Обсуждение: Does pgsql's regex processor optimize Common-Prefix?
Hi all. I am developing an application which searches for city names in a column. There is a lot of cities and I have to 'like' every name which is not effective enough. So I want to know whether pgsql's regex processor can optimize regexes such as: Nebraska|Nevada|North Carolina to N(e(braska|vada)|orth Carolina) If the processor can do that like a Dictionary-Tree, it may be affordable to me or else I have to write a matcher myself. Any suggestion is appreciated. Thank you and appologize for my poor English. --Xig
Kurapica wrote: > I am developing an application which searches for city names in a > column. There is a lot of cities and I have to 'like' every name which > is not effective enough.
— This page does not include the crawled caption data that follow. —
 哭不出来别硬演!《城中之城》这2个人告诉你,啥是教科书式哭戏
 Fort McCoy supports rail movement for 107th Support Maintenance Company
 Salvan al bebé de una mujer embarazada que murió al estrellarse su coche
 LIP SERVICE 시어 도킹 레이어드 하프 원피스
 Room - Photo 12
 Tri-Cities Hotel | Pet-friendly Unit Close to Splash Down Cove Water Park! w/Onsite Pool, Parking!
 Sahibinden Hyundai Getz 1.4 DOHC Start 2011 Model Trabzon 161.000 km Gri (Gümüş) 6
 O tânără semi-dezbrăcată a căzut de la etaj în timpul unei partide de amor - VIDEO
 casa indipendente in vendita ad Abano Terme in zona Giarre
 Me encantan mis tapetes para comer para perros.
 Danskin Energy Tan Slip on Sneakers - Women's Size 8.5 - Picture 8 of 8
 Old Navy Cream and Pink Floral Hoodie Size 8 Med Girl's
So I want to know whether pgsql's regex > processor can optimize regexes such as: > > Nebraska|Nevada|North Carolina > to > N(e(braska|vada)|orth Carolina) > > If the processor can do that like a Dictionary-Tree, it may be > affordable to me or else I have to write a matcher myself. > > Any suggestion is appreciated. Thank you and appologize for my poor English. Compared to the use of indexes to skip whole table scanning, this optimization is going to have very little impact. So don't worry about it. -- Alvaro Herrera http://www.CommandPrompt.com/ The PostgreSQL Company - Command Prompt, Inc.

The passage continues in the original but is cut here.